WHAT IS EXPECTED: Look below for the line that contains "30 frases para", and write out exactly that line and all remaining lines of the listing, omitting pictures.

★ ★ ★ ★

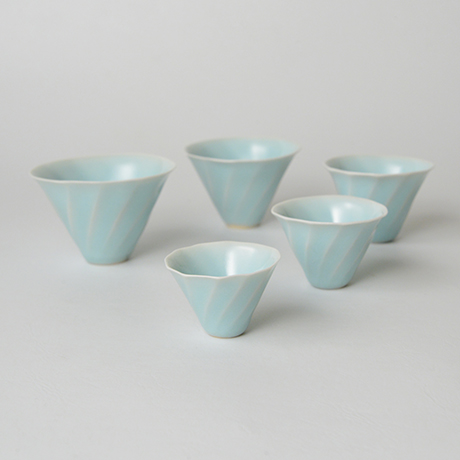 「No.3　鈴木治　入子盃 / SUZUKI Osamu　A set of 5 sake cups, Bluish white porcelain」の写真　その1
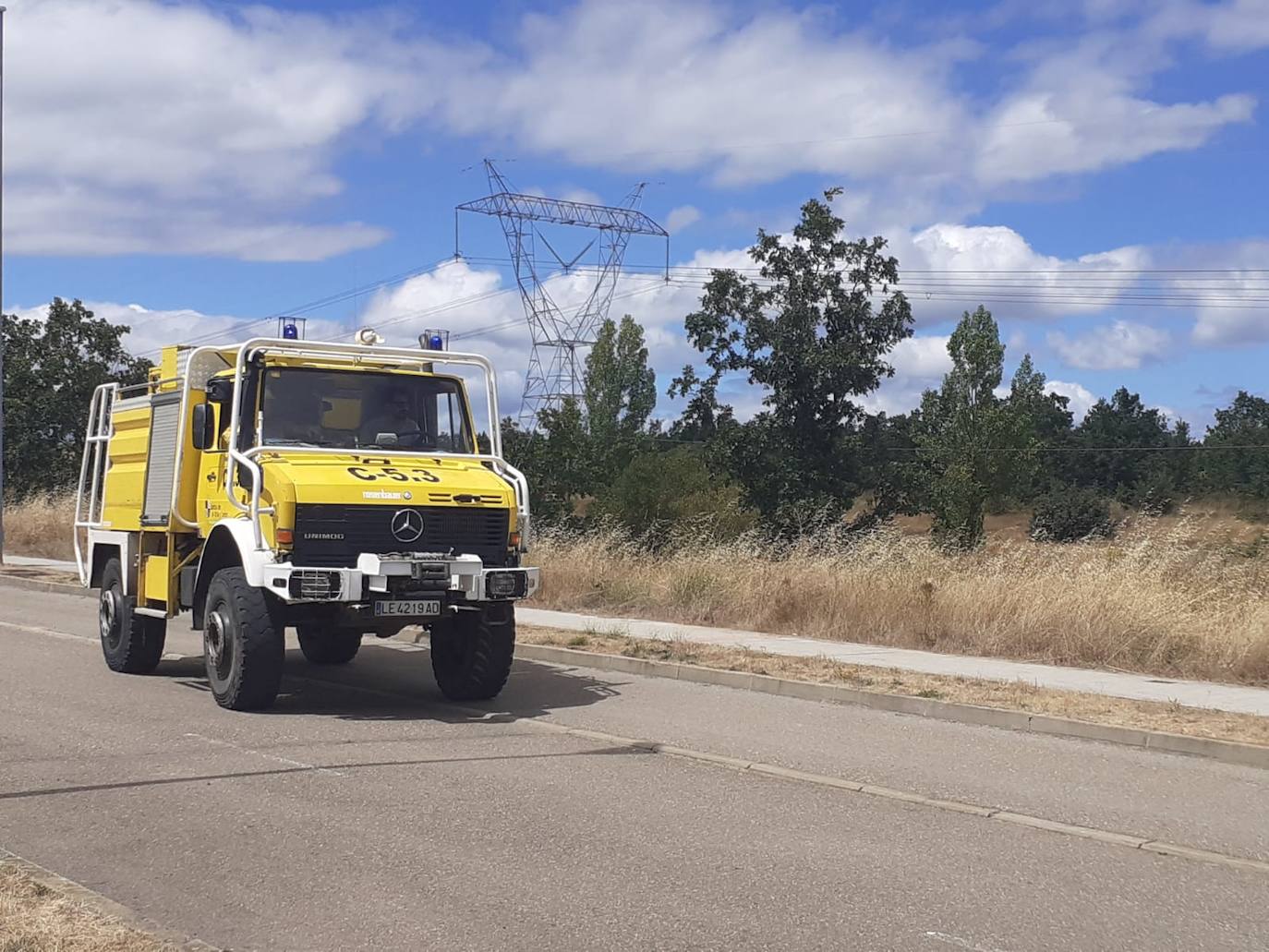 El incendio, cuyas causas se desconocen por el momento, se ha iniciado en torno a las 14:20 horas de este domingo y ha sido controlado por efectivos de Protección Civil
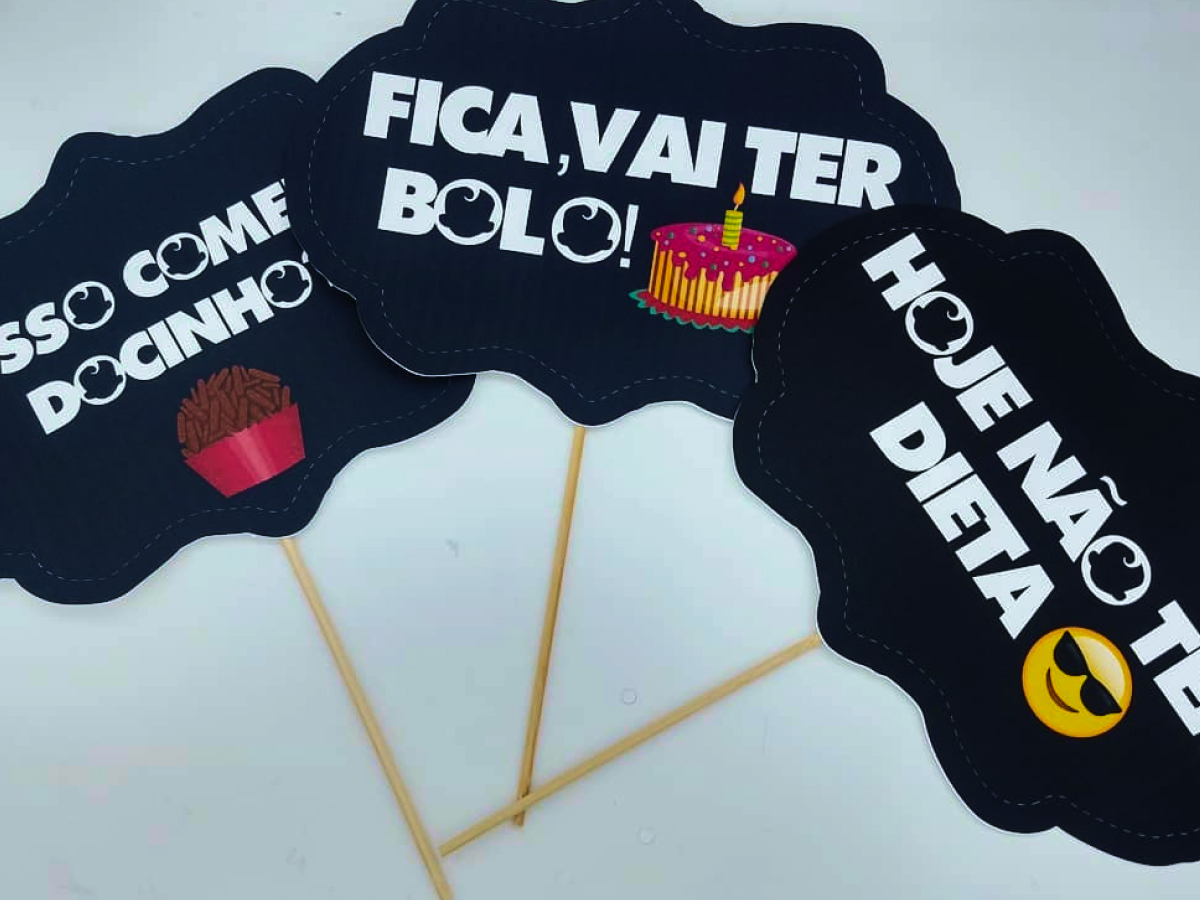 30 frases para plaquinhas de aniversário que farão sua festa inesquecível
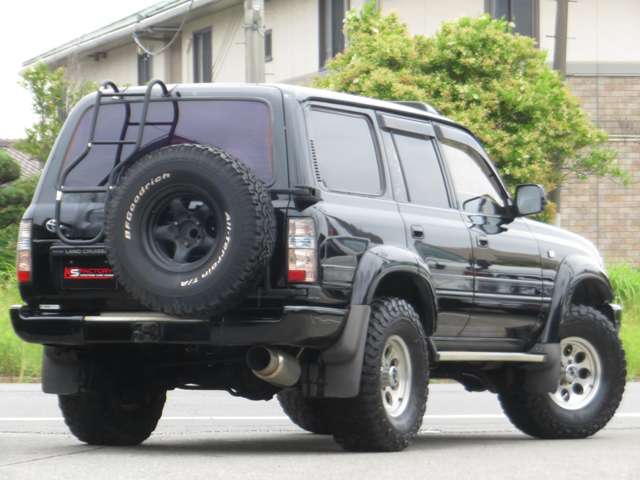 Toyota Land Cruiser 80 2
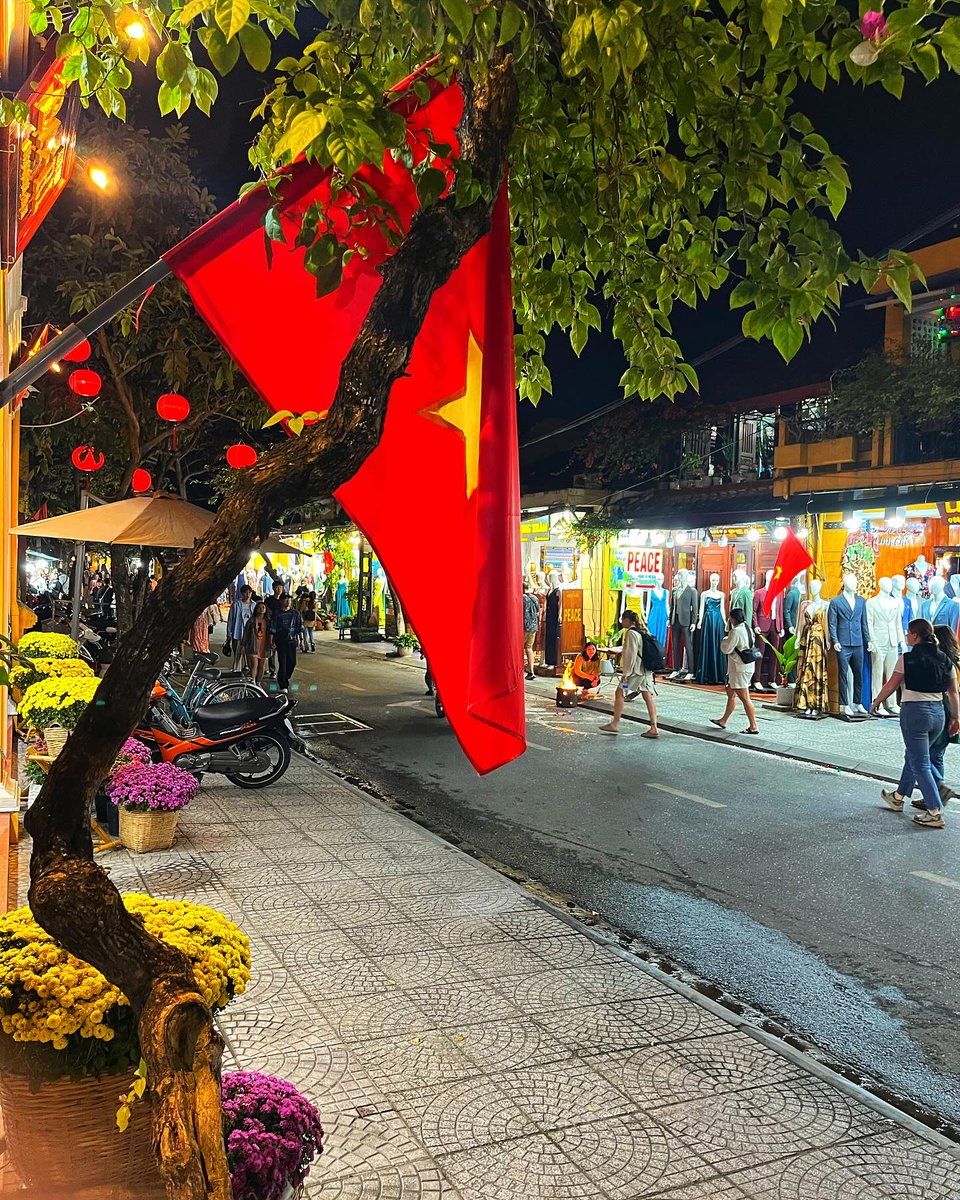 katieannbugg's tweet photo. Hoi An at night: lantern-lit streets, quiet river views, and timeless charm. https://t.co/rP2mqbGeIm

★ ★ ★ ★

TASK SOLUTION:
 30 frases para plaquinhas de aniversário que farão sua festa inesquecível
 Toyota Land Cruiser 80 2
 katieannbugg's tweet photo. Hoi An at night: lantern-lit streets, quiet river views, and timeless charm. https://t.co/rP2mqbGeIm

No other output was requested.